One useful way to understand service design is to distinguish between what is visible to the user and what happens behind the scenes.
What users encounter is often clearly addressed in UX work. Interfaces, instructions, communication, and support touchpoints are things that can be designed, tested, and improved relatively directly. For this to work, however, there also needs to be an underlying layer of processes, system support, ownership, and collaboration between teams.
When that layer does not hold together, problems arise that are easily interpreted as UX issues. In practice, it is often the structure behind the experience that is not aligned with how the service is actually used.
Service design makes these relationships visible, so friction can be addressed before it reaches the user.
UX design is highly effective when the problem lies in the interaction itself. When something is unclear, difficult to understand, or requires unnecessary effort, there is often significant value in improving interfaces and flows.
But there are many situations where a better UI does not solve the underlying problem.
Onboarding is a clear example. UX can create a logical and pedagogical flow within the product. But if onboarding also involves manual steps, training, internal approvals, or multiple systems, optimizing the interface alone is not enough. The entire service needs to function as a coherent whole.

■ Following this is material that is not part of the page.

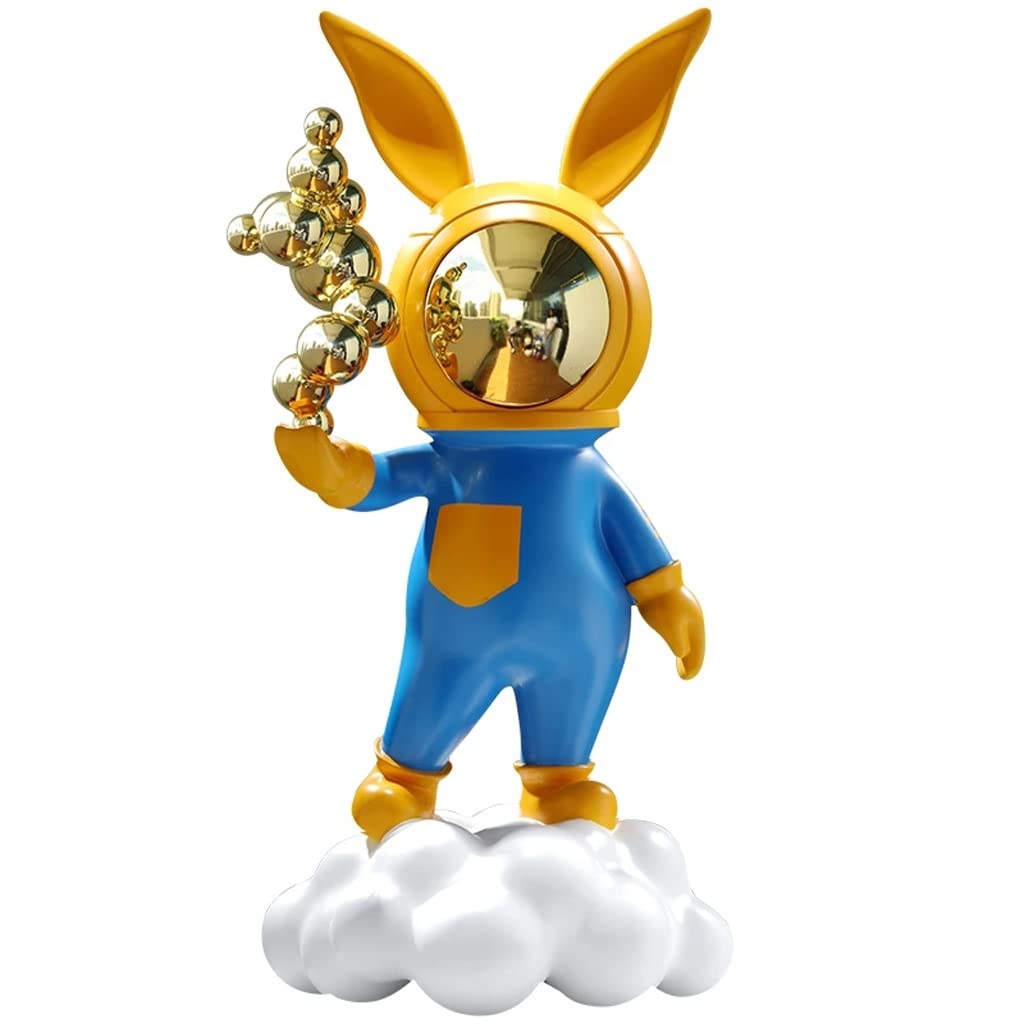 Cute Cartoon Rabbit Resin Statue - Large Blue Home Decor Sculpture for Living Room, Garden, and Office | Handmade FRP Floor Ornament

The same applies to support. Improved error messages and help texts matter, but when the same types of issues keep recurring, the root cause is often that processes, ownership, or information flows are not designed for how people actually work.
Service design becomes particularly relevant when the experience can no longer be owned by a single team or solved within a single system. When users move between products, channels, and contexts, yet still expect everything to hang together.
This is common in onboarding, installation, operations, and support. It is also common in professional and industrial environments, where digital tools are tightly connected to physical products, internal processes, and organizational structures.
In these situations, problems rarely arise in isolation. They arise in handoffs.
At Intunio, we rarely talk about service design as a separate discipline. At the same time, we often work with problems that require a service design perspective to be solved properly.
When the experience extends beyond a single interface, we need to understand the entire chain. How decisions are made, how systems interact, how responsibility is distributed, and what the user’s actual context looks like. Otherwise, even good UX risks becoming a cosmetic solution to a more fundamental problem.
That is where UX, product design, and service design meet in practice. Not as labels, but as different ways of understanding and shaping the same whole.